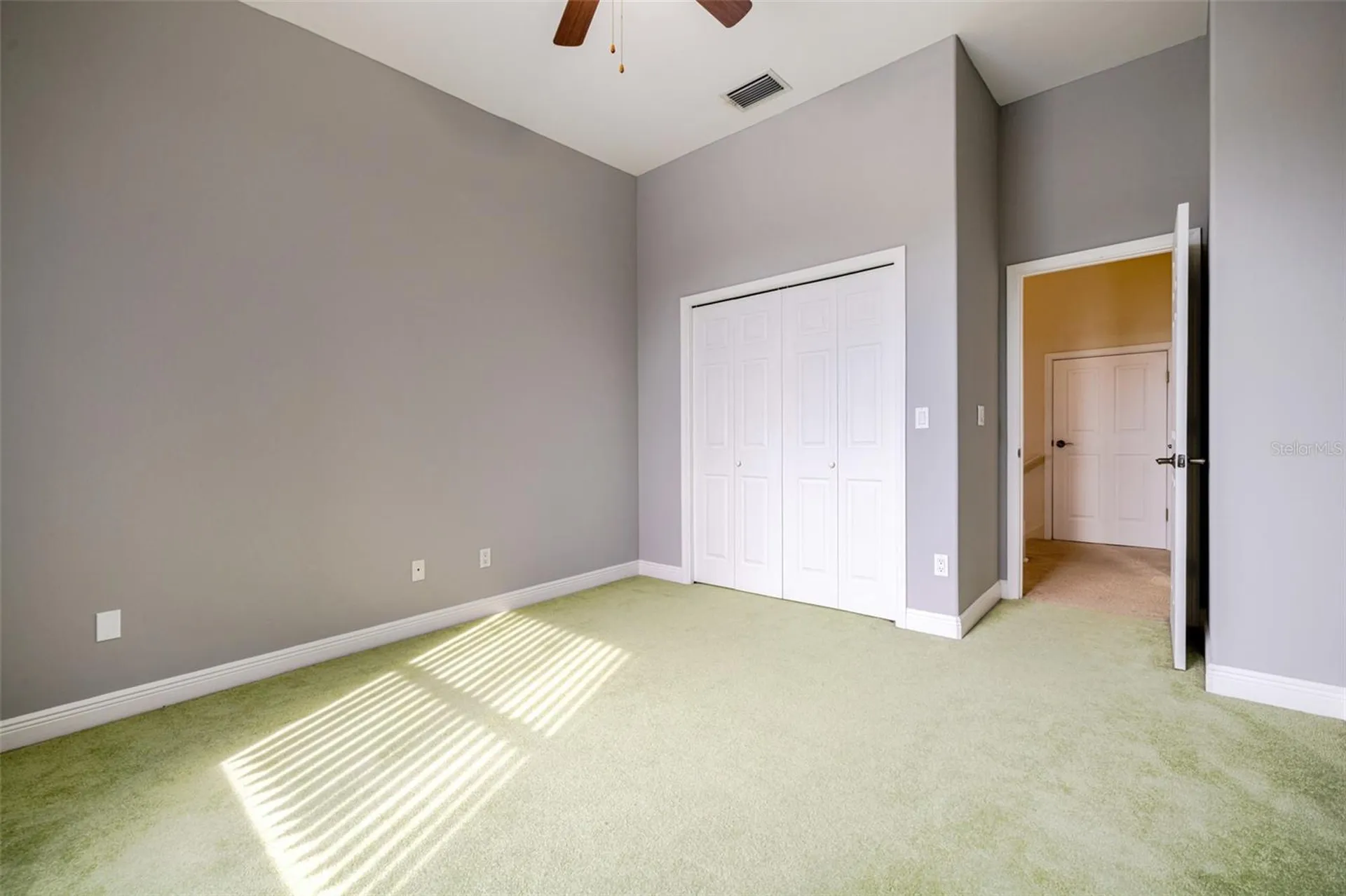 2107 Saint Croix Avenue Fort Myers FL 33905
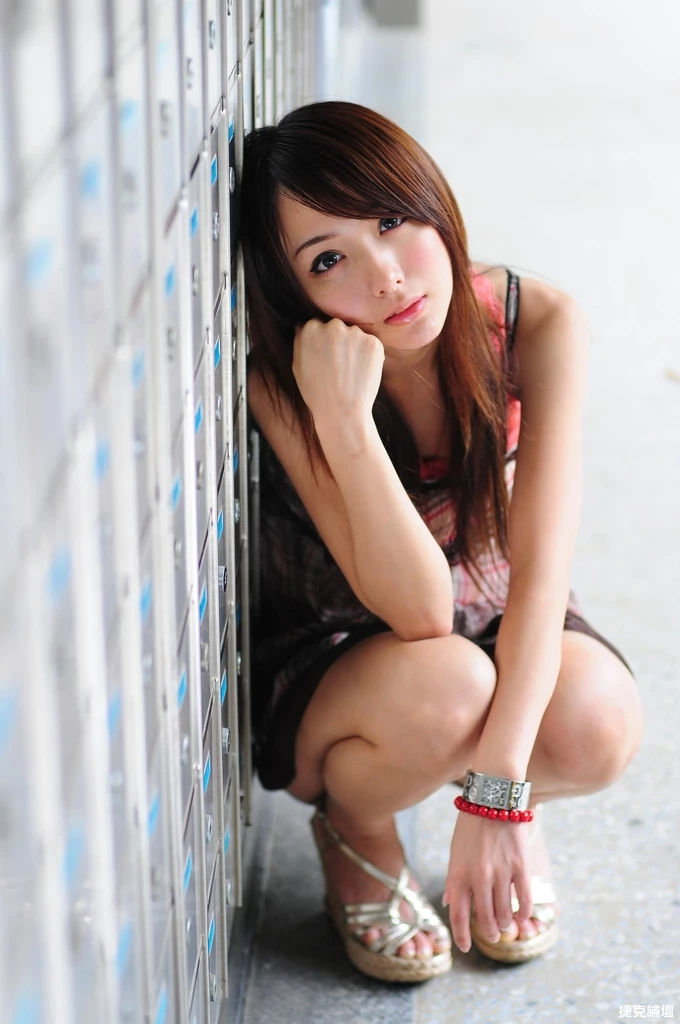 17653138.webp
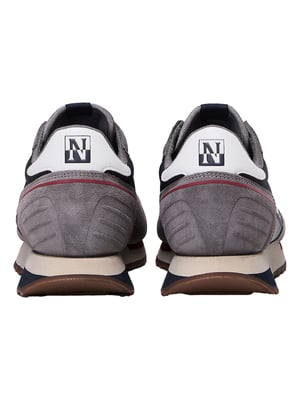 Napapijri Sportschuhe
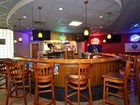 фото отеля Quality Inn & Suites Gretna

**Assigned task:** Drop every picture from the data, then output all the rest exactly.

**Exercise response:**
 2107 Saint Croix Avenue Fort Myers FL 33905
 17653138.webp
 Napapijri Sportschuhe
 фото отеля Quality Inn & Suites Gretna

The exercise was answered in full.